Chris Sale needed help to get his 14th win by the season's halfway point, and he got it from a couple surprising sources.

Dioner Navarro drove in four runs and J.B. Shuck completed the hardest half of the cycle, powering the White Sox past some early Sale stumbles and too many outs on the basepaths.

This could've been a frustrating loss, because Sale traded leads with Doug Fister early when he had the superior stuff. But Navarro -- DHing today -- had multiple leads in his bat, and Sale eventually found a groove enough to hold the second one.

The White Sox had threatened to take control of the game multiple times, but Navarro was out at home on a contact play after his second-inning triple, and Adam Eaton ran into outs in the third (he slipped rounding third and still tried to make it home when Joe McEwing told him to stay) and fifth (thrown out at third on a not-too-wild pitch when Todd Frazier told him to stay). But while Eaton's poor baserunning kept the Sox scoreless the first time, the Sox covered for him the second time around.

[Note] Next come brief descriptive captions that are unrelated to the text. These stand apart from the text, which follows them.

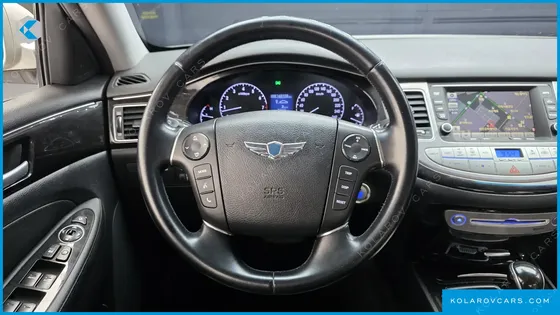 HYUNDAI GENESIS BH330 MODERN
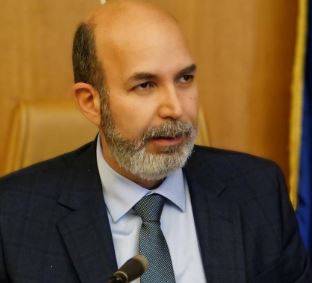 CORONAVIRUS: CRIMI, ”BASTA POLEMICHE, RIAPRIRE TUTTO COMPORTA RISCHI”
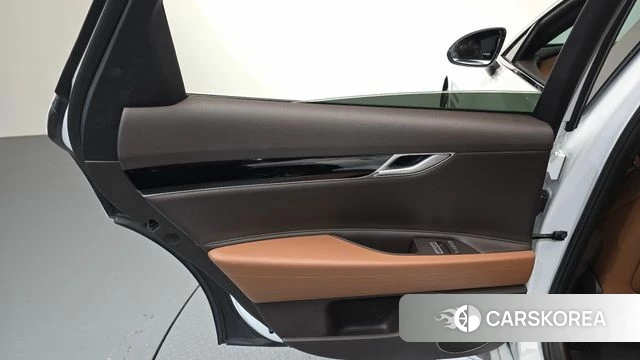 Genesis G80 (RG3) id 4872399 из Кореи 17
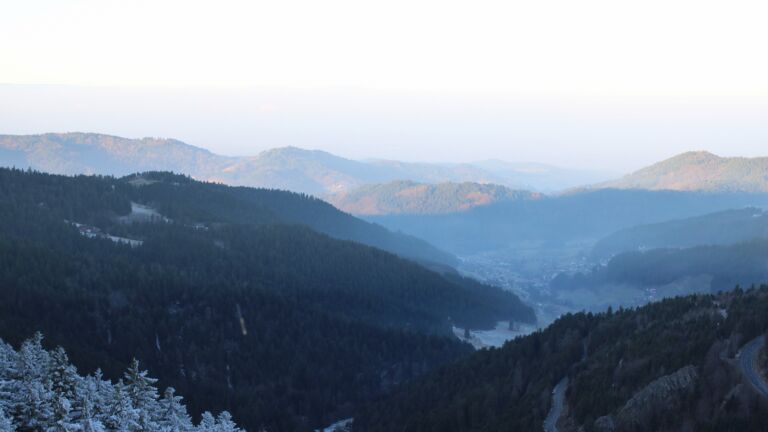 Dieses Bild zeigt eine Webcam-Aufnahme vom Achertal, aufgenommen am Samstag, den 27.12.2025 um 09:10 Uhr. Die Temperatur betrug 2.8°C.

Eaton made the first out at third base after he and Jose Abreu started the inning with singles. Todd Frazier reset the runners with a walk, after which Alex Avila struck out to threaten the rally. That's when the Sox benefited from the batted-ball luck they didn't get on Friday. Carlos Correa gloved Brett Lawrie's grounder in the hole, but had nowhere to go with it, loading the bases. Navarro then spanked a curveball past a diving Marwin Gonzalez, scoring two and giving the Sox a 5-4 lead.

Back in the second inning, Navarro came through with a two-run triple to right center, which took the lead back from the Astros after a first-inning Jose Altuve solo shot.

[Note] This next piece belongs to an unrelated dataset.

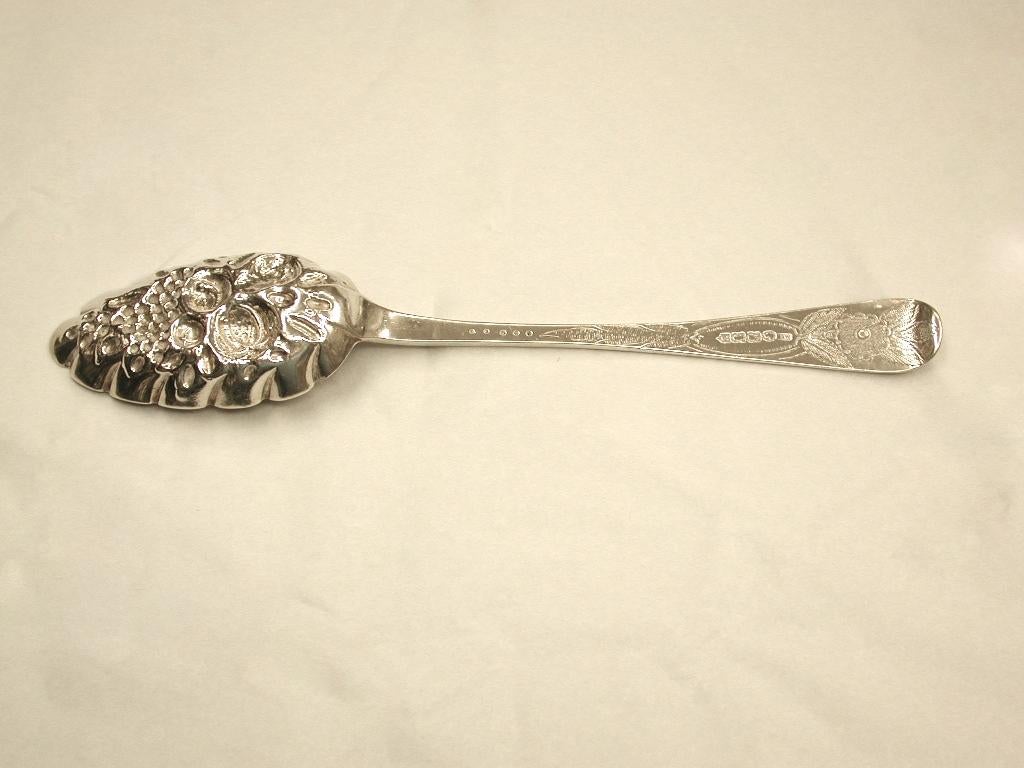 English Pair of Victorian Irish Silver Berry Spoons, Dated 1870, Assayed in Dublin For Sale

Sale squandered that lead in the third. He created a mess by walking Danny Worth and taking forever to throw to first on Jake Marisnick's bunt, resulting in a single. Worth moved to third on a lineout and scored on a safety squeeze sac bunt to tie the game, and back-to-back singles by Altuve and Correa gave Houston a 4-2 lead.

J.B. Shuck cut into the lead the following inning by jumping on a high Fister fastball with two outs, and he's the offense's other hero.

Fast forward to the eighth, when Avisail Garcia singles with two outs off Michael Feliz. That was the first damage off Feliz over three ridiculously effective innings -- he struck out seven -- but A.J. Hinch went to the bullpen anyway for a lefty, as though Shuck's demands it. In came the inferior Tony Sipp, and Shuck foiled the move by poking a 0-2 fastball into the nook in left center for an RBI triple. Sipp then got ahead of Tim Anderson with two strikes, but Anderson shot his changeup into left for an RBI double.

That gave Sale a 7-4 lead, and Sale and the bullpen used the cushion. Sale, who had retired 10 out of 11 and found his strikeout slider, allowed a leadoff single and a hard grounder that got past Frazier for a two-base error. Nate Jones minimized the damage by allowing the Astros nothing more than a sac fly, preserving a two-run margin.

David Robertson then gave up a solo shot to A.J. Reed with two outs in the ninth, but he still had one more run to work with. He then struck out Colby Rasmus to convert his 22nd save.

Bullet points:

*Sale is now 14-2 with a 2.93 ERA, and his line had peripherals in its favor (7 IP, 6 H, 5 R, 4 ER, 1 BB, 9 K, 1 HR).

*Avila was the only White Sox without a hit, but he walked twice. The Sox knocked out Fister one out short of the fifth, having put 14 baserunners on his count.

*They went 5-for-15 with runners in scoring position this time.